Widmore told Ben that Jacob visited him and convinced him to come back to the island -- to bring Desmond back. If that had not occurred, it seems reasonable that Flocke would have simply left the island after he thought he had killed the candidates. But once Widmore told Flocke why he brought Desmond back, Flocke couldn't resist the opportunity to destroy the island -- "something I could never do myself." Desmond was indeed a weapon, as Jack surmised -- the rock had to be removed, and the light put out, in order for Flocke to be killed. But it seems he was also bait to hold Flocke on the island and give Jack one last chance to fix everything.
It was fun to ponder this. Desmond has always been a wild card in the game, and this would be interesting if it holds up under scrutiny.
@Poltercow
Desmond was not the only one who experienced the afterlife. Juliet experienced it too right before she died. So i think Desmond did die for just a few moments when he was shocked with the electromagnetism.

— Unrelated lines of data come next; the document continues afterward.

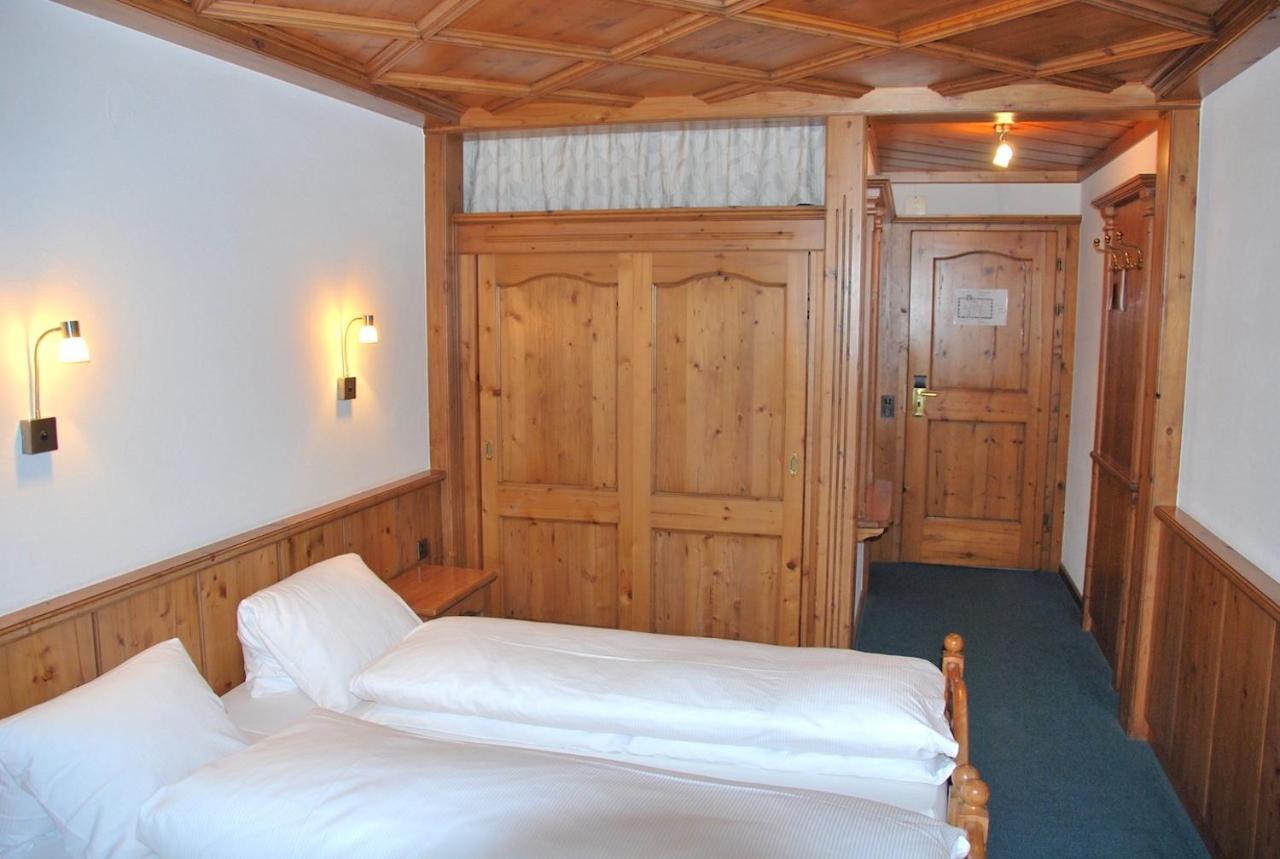 Suhr Hotel Zum Kreuz מראה חיצוני תמונה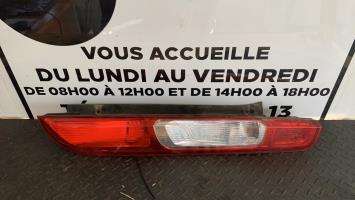 Feu arriere principal droit (feux)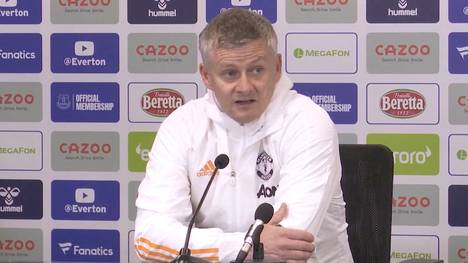 Ole Gunnar Solskjaer versteht den Spielplan nicht. Der United-Trainer redet sich wegen der frühen Anstoßzeit gegen Everton in Rage.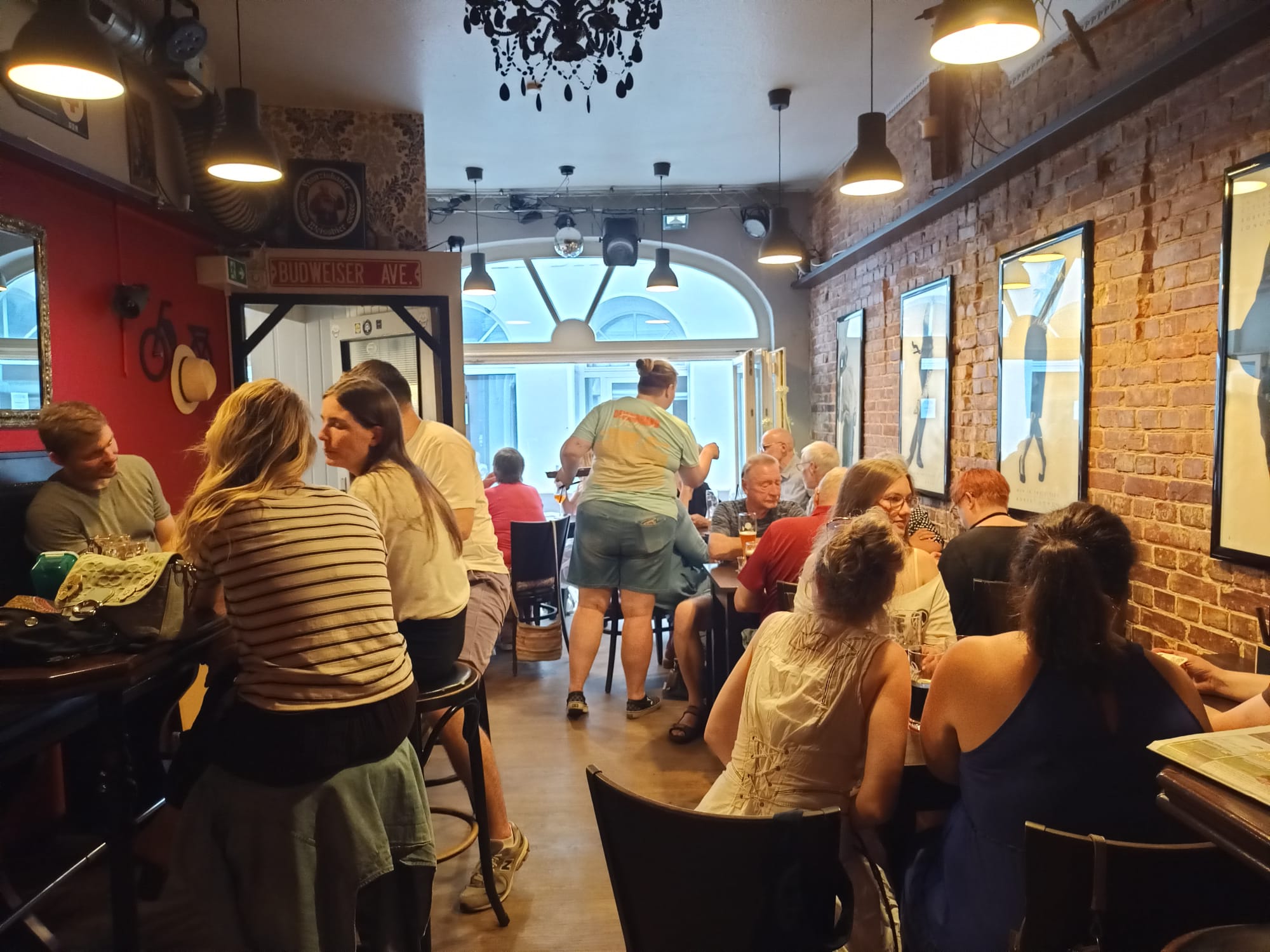 Volle Kneipe beim Kneipenquiz Apropos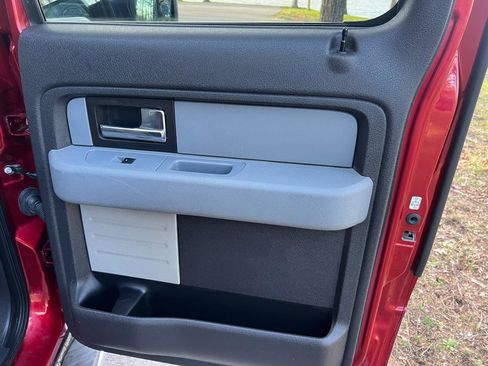 Used 2014 Ford F150 XLT w/ Equipment Group 302A Luxury image 16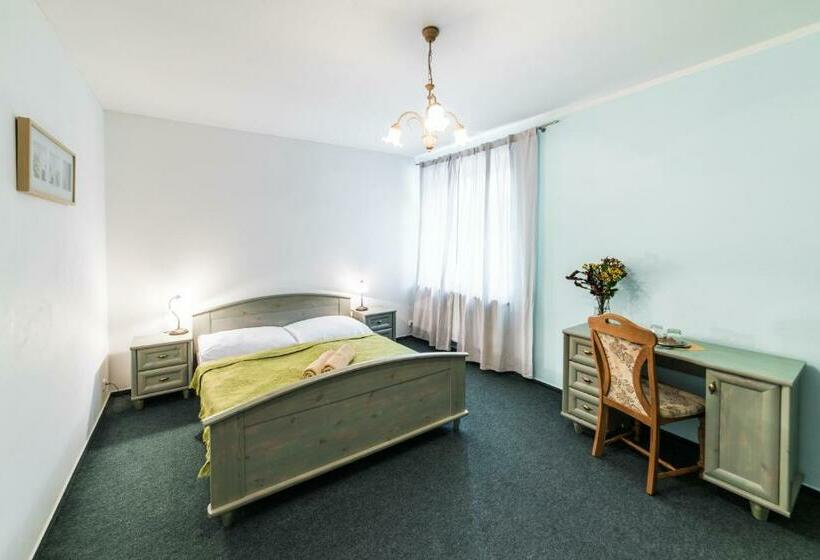 اتاق استاندارد, Valašský Hotel A Pivní Lázně Ogar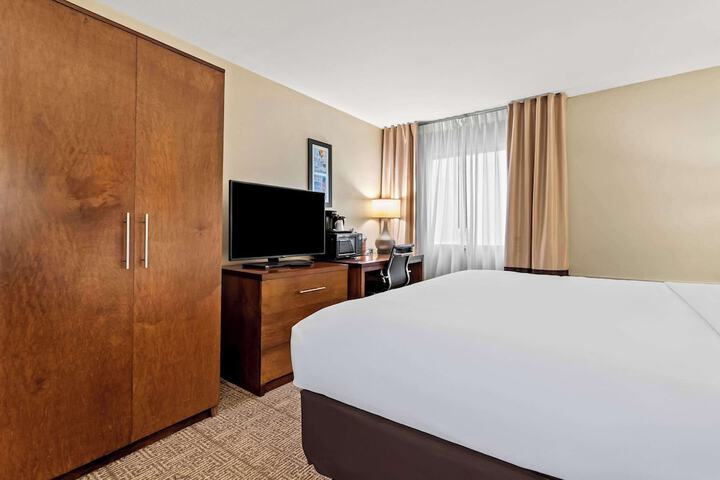 Room 30 of 57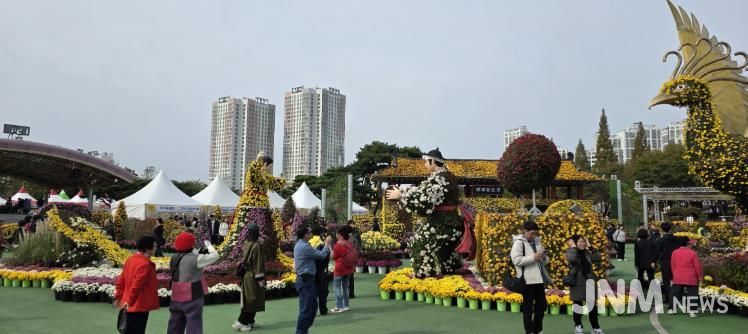 익산 천만송이 국화축제, 연장 전시까지 큰 호응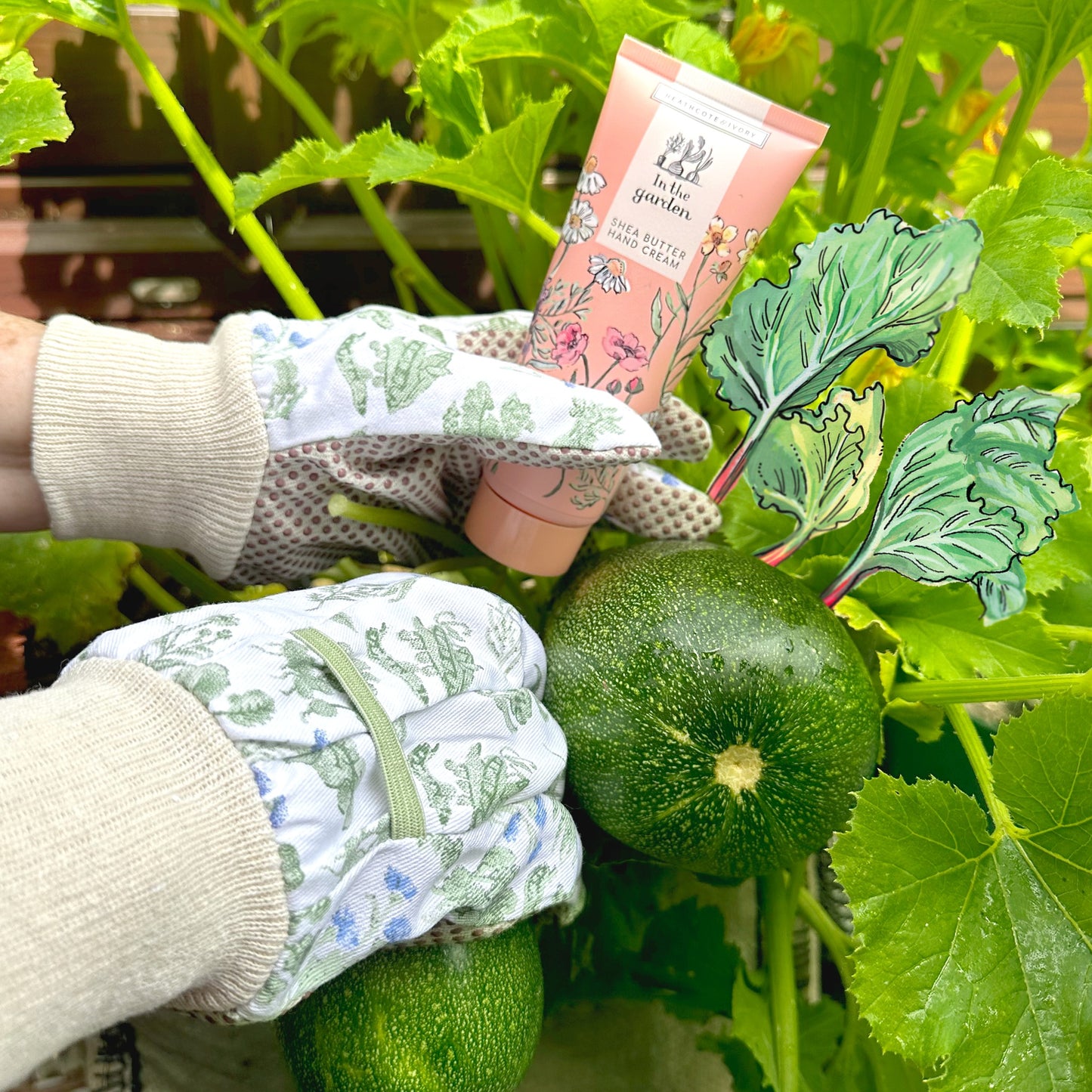 gardening gloves and hand cream set In the garden gloves & hand cream set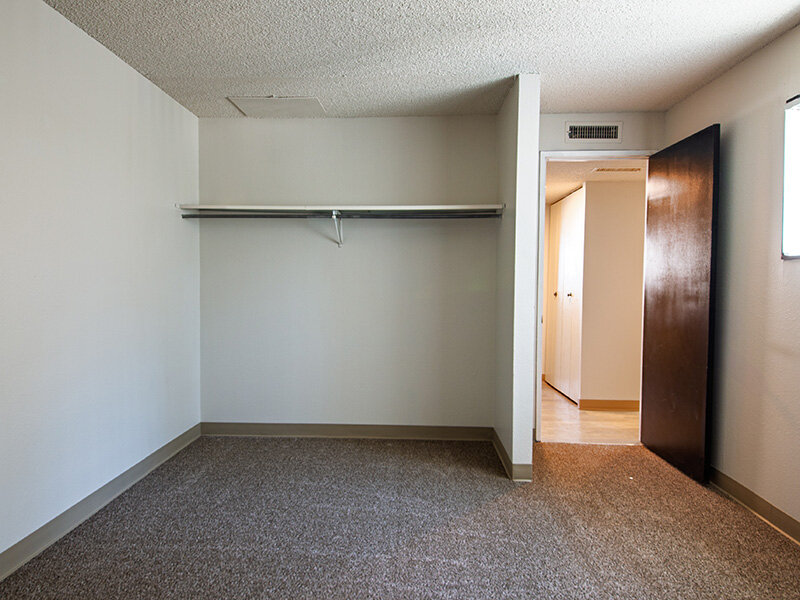 Closet | Mount Vernon Terrace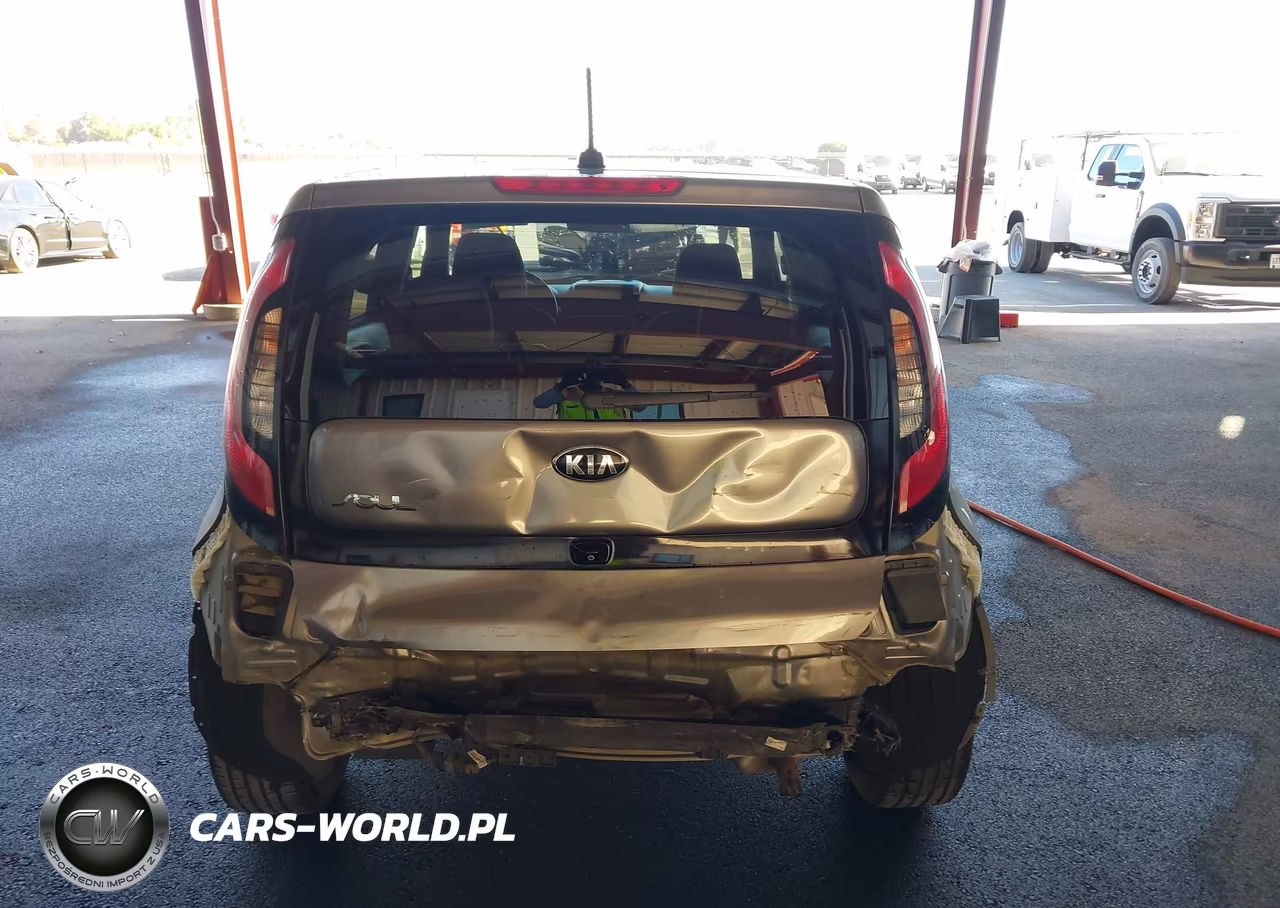 2018 Kia Soul + VIN:KNDJP3A56J7596445 - 17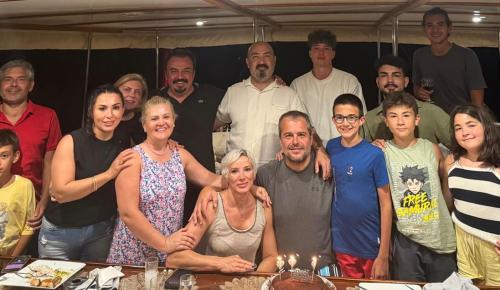 Ünlülerin Kuaförü Yasin Okutan, 50. Yaş Doğum Gününü Marmaris’te Kutladı!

What i don't seem to understand is why did jacob want desmond back to the island? We know he is special and cannot be affected by the electromagnetism, but Jacob said that Desmond was his last plan if the whole candidate thing did not work out!
@QAIS: What i don't seem to understand is why did jacob want desmond back to the island?
Desmond was Jacob's failsafe because he was the only one who could survive the island's energy long enough to pull the cork out, releasing the energy and making Smokey mortal (and thus, killable).
Hi Nikki, I discovered your blog after the finale aired (linked from somewhere else) and was taken with your 2 posts on the finale.
Someone left a comment at "Lost Central" (washingtonpost.com) that David existed only in Jack's imagination and he couldn't to admit to being dead because he didn't want to let go of that dream.
I rejected his interpretation because it was just too sad - Jack's best relationship is imaginary?! [Of course, for many of us, the best relationships
are...] - but the second time he posted it in response to a question of mine (which is at the bottom of this over-long post!) I started to think about it, and your post helps me to accept it.
I would quibble with one statement in your posting though: "[Jack] needs to let go of ... that belief that he and only he can save everyone, can help everyone." I would say "need" rather than "belief" - as well as his compulsion to earn his father's respect and love.
You become a surgeon because you care fiercely about helping suffering people, and your training gives you the skills to act, and the confidence in those skills, because if you don't act, and act confidently, someone will die or suffer terribly. And when they Losties are stuck on that verkakte island he's the only doctor, so he takes that responsibility as seriously as you would expect a trained healer to.
Where Jack was foolish [or deluded or arrogant - choose the word that you are comfortable with!] was in thinking that because he COULD help people in the O.R. that he could help anyone elsewhere, i.e., that his life-saving/decision-making skills were transferrable to other spheres. Surgeons are also competitive and constantly trying to prove something to themselves...which is Jack all over.
A question about the finale that keeps eating at me, and which I suspect I'll get some answers to here - based on your posts and the comments of your readers - is WHY the characters did not instantly recognize each other in Sideways World? Why do they need to be FORCED to remember their island lives if it was the nub of their existence? How could they have forgotten it?
I still can't see a reason for this - unless that's just the 'rules' of Sideways World - which of course is a cop-out.